No vídeo, Açıkkollu é visto em uma cela de uma pessoa com quatro outros detentos no porão de um prédio do departamento de polícia İstanbul. Por volta das quatro da manhã do dia 5 de agosto, ele começa a mostrar sinais de desconforto. Ele se aproxima dos bares e chama os agentes da polícia por alguns minutos, mas ninguém responde. Após ele voltar para a cama, os espasmos começam alguns minutos depois, o que desperta os outros detentos na cela. Leva mais quatro minutos até que os guardas da ala de detenção o tirem da cela, momento em que ele não mostra mais nenhum sinal de vida.

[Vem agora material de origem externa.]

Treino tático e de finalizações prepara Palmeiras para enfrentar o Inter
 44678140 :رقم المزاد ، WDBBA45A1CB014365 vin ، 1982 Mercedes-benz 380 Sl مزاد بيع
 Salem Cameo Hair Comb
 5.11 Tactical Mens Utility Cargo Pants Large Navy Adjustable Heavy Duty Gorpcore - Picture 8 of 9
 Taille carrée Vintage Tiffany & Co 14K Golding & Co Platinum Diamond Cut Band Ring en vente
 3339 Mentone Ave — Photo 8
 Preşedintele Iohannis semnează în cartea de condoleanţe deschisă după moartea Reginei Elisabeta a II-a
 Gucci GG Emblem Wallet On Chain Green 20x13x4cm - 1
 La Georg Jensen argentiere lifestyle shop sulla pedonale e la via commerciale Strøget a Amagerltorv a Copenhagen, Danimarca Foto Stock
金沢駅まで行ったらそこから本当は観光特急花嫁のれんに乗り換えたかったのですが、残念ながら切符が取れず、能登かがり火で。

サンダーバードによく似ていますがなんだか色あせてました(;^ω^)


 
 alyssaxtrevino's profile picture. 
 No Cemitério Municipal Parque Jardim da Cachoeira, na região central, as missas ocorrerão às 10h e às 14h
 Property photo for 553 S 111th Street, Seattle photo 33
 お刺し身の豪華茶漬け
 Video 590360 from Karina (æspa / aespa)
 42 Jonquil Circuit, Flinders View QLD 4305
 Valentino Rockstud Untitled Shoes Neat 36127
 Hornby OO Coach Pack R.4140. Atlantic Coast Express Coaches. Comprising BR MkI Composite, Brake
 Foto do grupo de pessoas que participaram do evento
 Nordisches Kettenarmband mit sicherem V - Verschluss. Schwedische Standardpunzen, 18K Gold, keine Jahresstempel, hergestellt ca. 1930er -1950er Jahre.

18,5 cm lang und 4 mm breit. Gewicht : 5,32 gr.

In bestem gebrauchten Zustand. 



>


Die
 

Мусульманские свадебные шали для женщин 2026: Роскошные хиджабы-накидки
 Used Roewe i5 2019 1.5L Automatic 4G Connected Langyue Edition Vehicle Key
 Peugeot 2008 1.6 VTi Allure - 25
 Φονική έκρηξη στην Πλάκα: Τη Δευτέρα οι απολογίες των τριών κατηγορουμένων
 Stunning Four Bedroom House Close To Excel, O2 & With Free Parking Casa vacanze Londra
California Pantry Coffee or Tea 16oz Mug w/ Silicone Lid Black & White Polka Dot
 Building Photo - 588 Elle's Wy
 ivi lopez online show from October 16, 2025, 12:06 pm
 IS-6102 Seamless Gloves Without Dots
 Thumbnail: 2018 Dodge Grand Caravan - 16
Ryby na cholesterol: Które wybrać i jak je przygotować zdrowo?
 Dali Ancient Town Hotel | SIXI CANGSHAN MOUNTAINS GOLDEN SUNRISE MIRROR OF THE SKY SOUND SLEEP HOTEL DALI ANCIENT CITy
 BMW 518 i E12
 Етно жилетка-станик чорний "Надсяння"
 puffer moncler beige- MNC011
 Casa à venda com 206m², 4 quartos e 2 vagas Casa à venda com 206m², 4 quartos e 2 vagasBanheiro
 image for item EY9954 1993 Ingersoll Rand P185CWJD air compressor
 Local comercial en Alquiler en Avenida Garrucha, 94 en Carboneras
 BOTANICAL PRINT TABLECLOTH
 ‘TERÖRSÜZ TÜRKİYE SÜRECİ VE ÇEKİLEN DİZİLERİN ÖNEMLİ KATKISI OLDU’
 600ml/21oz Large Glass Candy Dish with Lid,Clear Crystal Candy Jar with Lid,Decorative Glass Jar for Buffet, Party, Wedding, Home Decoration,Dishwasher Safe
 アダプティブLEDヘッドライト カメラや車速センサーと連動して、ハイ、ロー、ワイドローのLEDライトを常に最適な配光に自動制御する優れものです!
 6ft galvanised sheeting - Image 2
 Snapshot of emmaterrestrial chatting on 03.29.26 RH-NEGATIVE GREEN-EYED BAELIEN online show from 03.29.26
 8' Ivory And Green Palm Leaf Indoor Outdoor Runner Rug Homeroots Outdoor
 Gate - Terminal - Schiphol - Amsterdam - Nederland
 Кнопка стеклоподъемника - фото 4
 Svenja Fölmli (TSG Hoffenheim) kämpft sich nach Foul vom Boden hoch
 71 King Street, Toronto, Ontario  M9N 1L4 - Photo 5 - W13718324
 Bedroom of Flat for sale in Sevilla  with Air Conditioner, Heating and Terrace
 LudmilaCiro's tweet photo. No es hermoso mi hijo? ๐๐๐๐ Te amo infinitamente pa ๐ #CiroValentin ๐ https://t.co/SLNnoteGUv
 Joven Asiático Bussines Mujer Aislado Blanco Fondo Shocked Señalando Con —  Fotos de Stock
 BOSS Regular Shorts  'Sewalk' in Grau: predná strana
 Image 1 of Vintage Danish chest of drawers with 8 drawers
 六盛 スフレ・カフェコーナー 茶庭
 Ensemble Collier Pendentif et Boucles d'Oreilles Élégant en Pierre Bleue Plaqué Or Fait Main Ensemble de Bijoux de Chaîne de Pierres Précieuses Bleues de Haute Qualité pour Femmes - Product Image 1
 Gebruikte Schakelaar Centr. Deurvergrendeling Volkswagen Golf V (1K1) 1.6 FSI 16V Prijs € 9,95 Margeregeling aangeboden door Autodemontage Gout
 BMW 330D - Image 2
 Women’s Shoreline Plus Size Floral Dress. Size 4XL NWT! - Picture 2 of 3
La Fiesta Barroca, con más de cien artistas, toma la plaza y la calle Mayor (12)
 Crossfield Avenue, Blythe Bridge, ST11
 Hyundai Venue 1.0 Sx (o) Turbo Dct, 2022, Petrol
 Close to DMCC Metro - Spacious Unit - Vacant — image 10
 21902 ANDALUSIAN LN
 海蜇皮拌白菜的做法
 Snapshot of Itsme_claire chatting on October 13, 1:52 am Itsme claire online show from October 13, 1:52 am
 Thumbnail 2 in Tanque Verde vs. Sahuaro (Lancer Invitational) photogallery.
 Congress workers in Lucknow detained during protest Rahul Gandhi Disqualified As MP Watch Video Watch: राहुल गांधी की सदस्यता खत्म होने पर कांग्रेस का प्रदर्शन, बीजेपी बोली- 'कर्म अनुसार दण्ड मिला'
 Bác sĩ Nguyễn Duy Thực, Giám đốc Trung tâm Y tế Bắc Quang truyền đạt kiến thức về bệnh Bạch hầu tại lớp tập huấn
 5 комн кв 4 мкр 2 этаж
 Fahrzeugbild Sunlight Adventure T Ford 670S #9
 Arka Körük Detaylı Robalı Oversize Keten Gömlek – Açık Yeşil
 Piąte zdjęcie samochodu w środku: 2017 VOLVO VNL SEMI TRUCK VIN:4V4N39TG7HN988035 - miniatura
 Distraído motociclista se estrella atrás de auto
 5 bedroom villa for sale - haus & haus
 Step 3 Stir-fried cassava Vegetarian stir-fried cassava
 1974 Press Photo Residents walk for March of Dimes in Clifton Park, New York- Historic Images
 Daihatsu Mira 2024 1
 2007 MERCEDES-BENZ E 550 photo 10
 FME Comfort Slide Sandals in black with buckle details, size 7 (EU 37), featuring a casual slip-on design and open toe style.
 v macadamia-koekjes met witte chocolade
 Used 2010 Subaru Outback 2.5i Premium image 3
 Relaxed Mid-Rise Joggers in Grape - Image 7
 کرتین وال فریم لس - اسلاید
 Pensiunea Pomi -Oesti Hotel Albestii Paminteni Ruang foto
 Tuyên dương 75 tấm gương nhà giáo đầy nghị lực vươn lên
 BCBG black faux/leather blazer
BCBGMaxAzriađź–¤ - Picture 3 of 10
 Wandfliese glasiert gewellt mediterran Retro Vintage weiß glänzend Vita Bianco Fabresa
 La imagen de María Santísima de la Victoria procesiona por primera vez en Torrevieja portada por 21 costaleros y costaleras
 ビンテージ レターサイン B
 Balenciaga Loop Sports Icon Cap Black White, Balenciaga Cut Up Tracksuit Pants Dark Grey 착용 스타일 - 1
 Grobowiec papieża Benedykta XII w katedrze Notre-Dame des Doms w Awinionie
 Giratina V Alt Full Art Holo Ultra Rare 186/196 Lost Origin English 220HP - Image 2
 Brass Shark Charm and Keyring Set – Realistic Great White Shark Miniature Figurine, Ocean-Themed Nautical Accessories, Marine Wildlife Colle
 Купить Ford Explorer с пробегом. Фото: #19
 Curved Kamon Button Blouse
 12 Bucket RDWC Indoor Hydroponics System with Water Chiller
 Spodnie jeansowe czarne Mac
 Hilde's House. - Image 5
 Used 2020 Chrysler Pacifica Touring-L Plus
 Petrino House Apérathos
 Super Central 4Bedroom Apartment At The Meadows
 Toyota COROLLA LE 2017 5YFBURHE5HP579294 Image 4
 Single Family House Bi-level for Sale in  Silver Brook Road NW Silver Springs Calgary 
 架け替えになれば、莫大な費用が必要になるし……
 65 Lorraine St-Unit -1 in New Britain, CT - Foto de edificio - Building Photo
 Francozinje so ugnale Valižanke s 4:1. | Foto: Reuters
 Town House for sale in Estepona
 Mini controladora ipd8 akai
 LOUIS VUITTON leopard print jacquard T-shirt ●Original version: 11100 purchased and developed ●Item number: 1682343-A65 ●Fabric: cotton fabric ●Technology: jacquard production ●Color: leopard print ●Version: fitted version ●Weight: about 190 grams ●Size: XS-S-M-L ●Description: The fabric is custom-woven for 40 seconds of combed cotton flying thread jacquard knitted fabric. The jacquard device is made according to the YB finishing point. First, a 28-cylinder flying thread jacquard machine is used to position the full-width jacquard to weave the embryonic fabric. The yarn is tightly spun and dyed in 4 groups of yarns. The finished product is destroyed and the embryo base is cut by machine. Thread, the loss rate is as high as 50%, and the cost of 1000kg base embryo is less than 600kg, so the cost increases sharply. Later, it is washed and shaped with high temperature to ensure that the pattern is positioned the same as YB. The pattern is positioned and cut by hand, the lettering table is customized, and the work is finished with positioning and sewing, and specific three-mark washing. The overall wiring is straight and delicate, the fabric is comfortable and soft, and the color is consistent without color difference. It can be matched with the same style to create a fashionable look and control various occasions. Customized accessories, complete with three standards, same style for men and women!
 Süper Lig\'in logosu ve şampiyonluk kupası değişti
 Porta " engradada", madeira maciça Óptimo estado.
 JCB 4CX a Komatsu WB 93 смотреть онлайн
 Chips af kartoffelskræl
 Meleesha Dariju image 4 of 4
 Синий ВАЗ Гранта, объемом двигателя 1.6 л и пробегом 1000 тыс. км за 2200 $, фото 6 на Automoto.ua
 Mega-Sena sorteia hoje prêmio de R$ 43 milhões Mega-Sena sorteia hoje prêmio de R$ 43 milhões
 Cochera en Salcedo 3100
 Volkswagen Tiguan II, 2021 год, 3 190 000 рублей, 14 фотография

Testemunho tirado de um médico que também estava detido no mesmo prédio diz que Açıkkollu não tinha pulso quando lhe foi pedido para realizar uma massagem cardíaca.
Um relatório adicional de autópsia, elaborado pelo especialista médico forense Professor Şebnem Korur Fincancı, mostrou que Açıkkollu tinha sofrido um ataque cardíaco devido a uma série de causas, incluindo sua exposição à tortura e à privação de sua medicação para diabetes.
O Presidente Erdoğan tem visado seguidores do movimento Gülen, inspirado pelo clérigo turco muçulmano Fethullah Gülen, desde as investigações de corrupção de 17-25 de dezembro de 2013, que implicaram o então primeiro-ministro Erdoğan, seus familiares e seu círculo interno.
Desistindo das investigações como um golpe e conspiração Gülenista contra seu governo, Erdoğan designou o movimento como uma organização terrorista e começou a alvejar seus membros. Erdoğan intensificou a repressão contra o movimento após a tentativa de golpe.
Açıkkollu foi um dos mais de 130.000 funcionários públicos que foram demitidos de seus empregos por decretos governamentais emitidos sob o estado de emergência que foi declarado na sequência do golpe fracassado. O governo finalmente anunciou sua inocência um ano e meio após sua morte e ele foi “reintegrado” ao seu emprego no início de 2018.